Electronic prescribing through computerized physician order entry averted 17.4 million medication errors in the U.S. in a single year, according to researchers publishing in the Journal American Medical Informatics Association.
The authors analyzed data from 2006 to 2008, including the American Hospital Association's 2008 electronic health record adoption database to estimate the reduction in medication errors that they said could be attributed to CPOE.
"Processing a prescription drug order through a CPOE system decreases the likelihood of error on that order by 48 percent," the authors wrote. "Given this effect size, and the degree of CPOE adoption and use in hospitals in 2008, we estimate a 12.5% reduction in medication errors, or 17.4 million medication errors averted."
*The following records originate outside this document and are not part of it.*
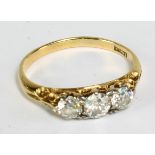 An 18ct yellow gold and three stone diamond ring, the largest weighing approx 0.15ct, size N, approx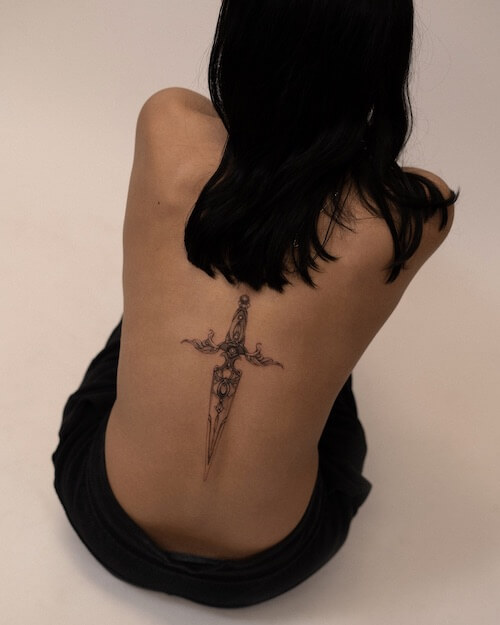 dark feminine tattoo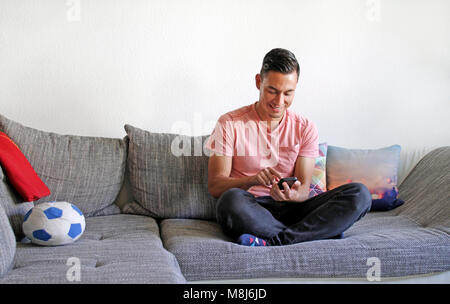 Smiling young man using smartphone on couch Stock Photo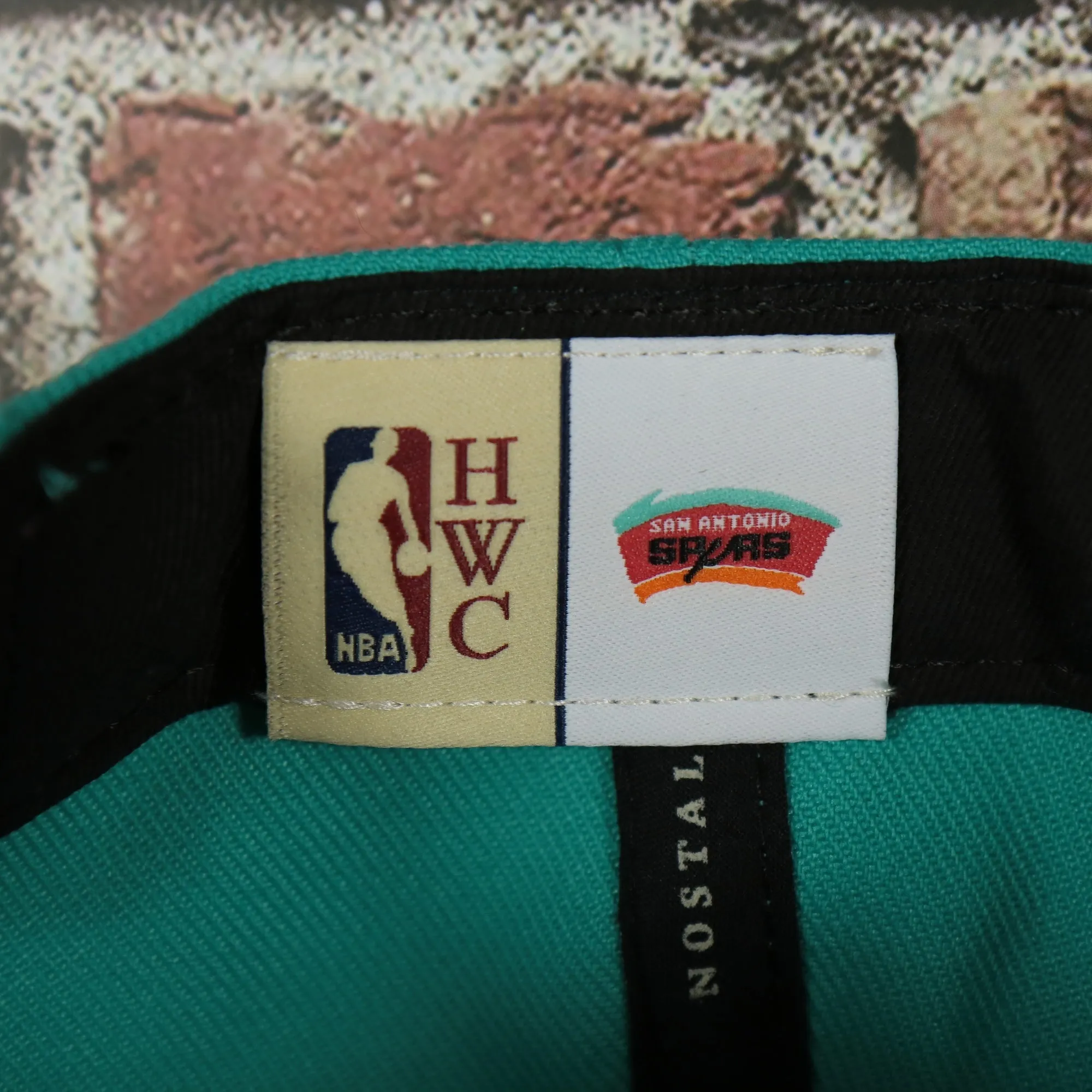 San Antonio Spurs Hardwood Classics Jumbotron Spurs Ripped Logo side patch Grey Bottom Teal/Red Snapback hat | Mitchell and Ness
Putting a hard number on the results of any health information technology on quality improvement is a challenge--and research on the effects of HIT are often ripe for debate.
For example, data transfer between health IT systems can threaten patient safety perspective, according to an analysis of health IT-related safety events by the ECRI Institute Patient Safety Organization, FierceHealthIT reported earlier this month.
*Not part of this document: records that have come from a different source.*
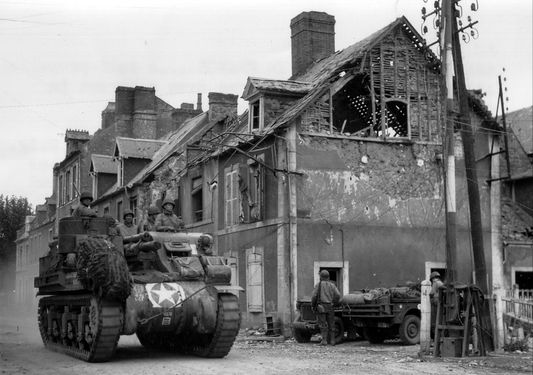 M7B1 Priest of the 14th Armored Field Battalion, 2nd Armored Division driving down Rue Holgate, Carentan, 18 June 1944.jpg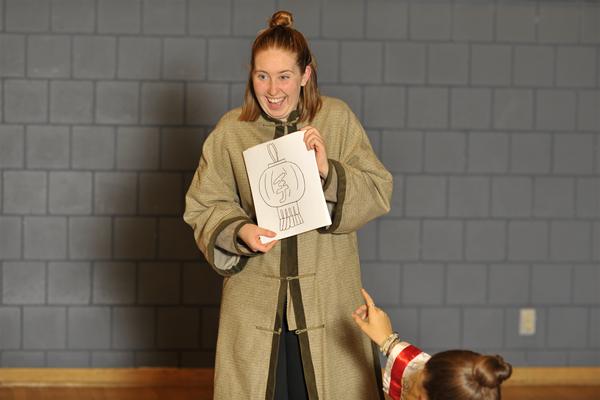 A person smiling and holding a sketch on paper, showing it to someone partially visible in the foreground. The person is wearing a light-colored robe and standing against a background of gray tiles.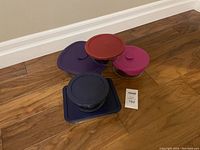 Five Pyrex glass storage dishes with assorted colored lids on wood floor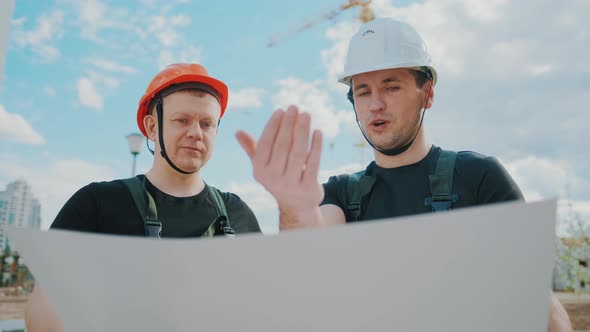 An Builders Are Studying Construction Plan and Analyze Are Building Construction alt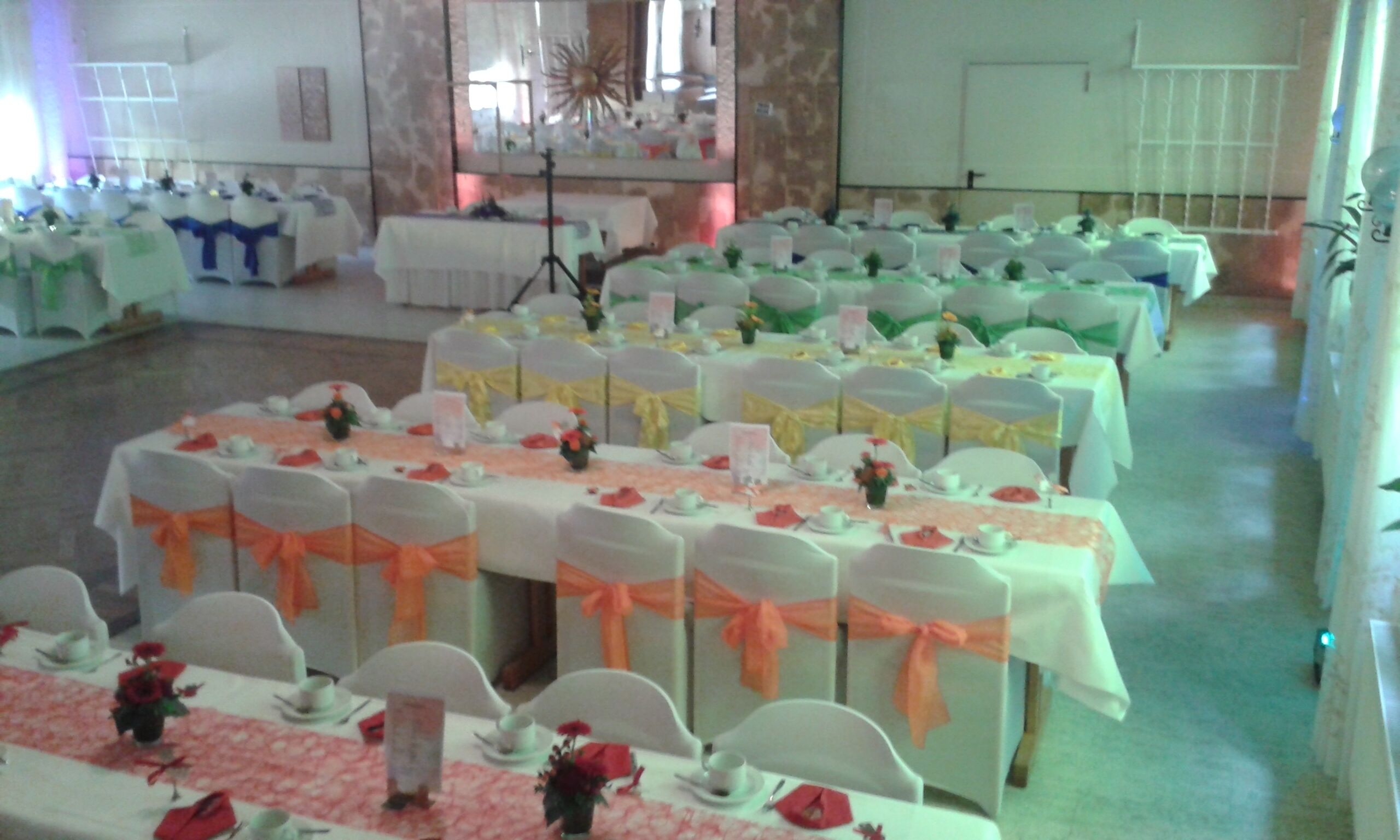 Un salón de banquetes con varias mesas dispuestas para un evento, cada una con manteles blancos y sillas adornadas con cintas naranjas.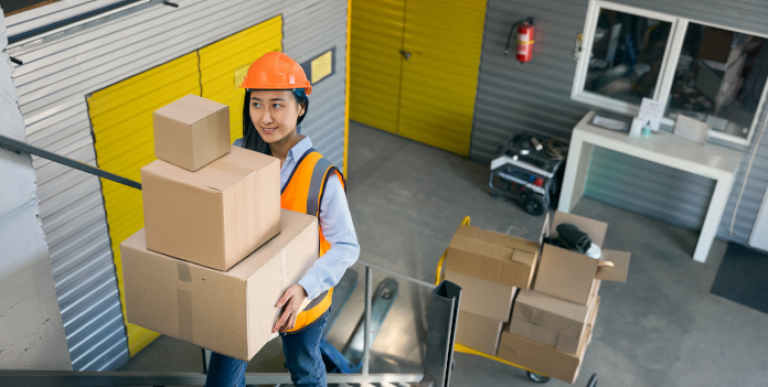 worker carrying materials upstairs 696x385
A breakdown of the events found that 53 percent were associated with medication management systems. Of the systems identified in such events, computerized physician order entry systems were mentioned the most (25 percent of the time).
Indeed, doctors and nurses aren't necessarily wild about the technology--nor are they convinced CPOE improves safety. A study published in JAMIA last fall, for example, found computerized physician order entry remains largely unpopular with doctors and nurses. And although their opinions improved slightly over time, neither doctors nor nurses thought CPOE improved care overall or increased productivity.
The authors of the JAMIA study noted that "modest" adoption has hampered the potential of CPOE. "Current policies to increase CPOE adoption and use will likely prevent millions of additional medication errors each year."
Although hospital CIOs are focused on increasing adoption, Neal Ganguly, vice president and CIO of CentraState Healthcare System in Freehold, N.J., told FierceHealthIT last year that getting more doctors to use CPOE will be a challenge. Between 60 and 70 percent of his hospital's orders go through CPOE, he said, but the percentage drops to 10 percent when emergency department orders are removed.